Com a adesão de Caiado, o PSD agora conta com três potenciais presidenciáveis em seu quadro, incluindo os governadores Eduardo Leite, do Rio Grande do Sul, e Ratinho Junior, do Paraná. O partido terá que definir seu candidato oficial, que enfrentará desafios como Lula, que busca um quarto mandato, e Flávio Bolsonaro, filho do ex-presidente, em uma disputa que promete ser acirrada.

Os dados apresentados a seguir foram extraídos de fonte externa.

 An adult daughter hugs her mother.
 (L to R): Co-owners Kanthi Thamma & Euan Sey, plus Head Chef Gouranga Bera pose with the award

Mauro Cid se aposenta do Exército após condenação por golpe
Em outro capítulo da política nacional, o tenente-coronel Mauro César Barbosa Cid, figura central nas investigações do caso do golpe de Estado, foi para a reserva do Exército nesta mesma data. Ele receberá uma aposentadoria mensal de aproximadamente 16 mil reais, mantendo sua patente intacta, apesar de ter sido condenado a dois anos de prisão por participação na tentativa de golpe.
A pena de Mauro Cid foi atenuada devido a um acordo de colaboração premiada, que lhe garantiu benefícios legais. Esse desfecho levanta debates sobre a aplicação da justiça em casos de alta relevância política e a integridade das instituições militares.
Caso de corretora assassinada tem trágico desfecho
Um crime que chocou o Brasil chegou a um fim sombrio nesta quarta-feira, com a descoberta do corpo da corretora de imóveis Daiane Alves de Souza. Seus restos foram encontrados em um matagal, a quinze quilômetros de sua residência, durante a madrugada.
Daiane estava desaparecida desde 17 de dezembro, quando desceu ao subsolo de seu prédio e nunca mais foi vista. As investigações levaram à prisão do síndico e de seu filho, suspeitos de serem os autores do homicídio, em um caso que evidencia a violência urbana e falhas na segurança pública.
Fed mantém taxas de juros nos EUA, desafiando Trump
No cenário internacional, o Banco Central dos Estados Unidos (Fed) decidiu manter as taxas de juros no intervalo de 3,5% a 3,75% ao ano, contrariando as expectativas do presidente Donald Trump. Essa medida, alinhada com as previsões do mercado financeiro, reflete a autonomia da instituição em meio a pressões políticas e busca estabilizar a economia americana.
A decisão do Fed pode influenciar mercados globais e as relações econômicas internacionais, destacando a importância das políticas monetárias em um contexto de incertezas.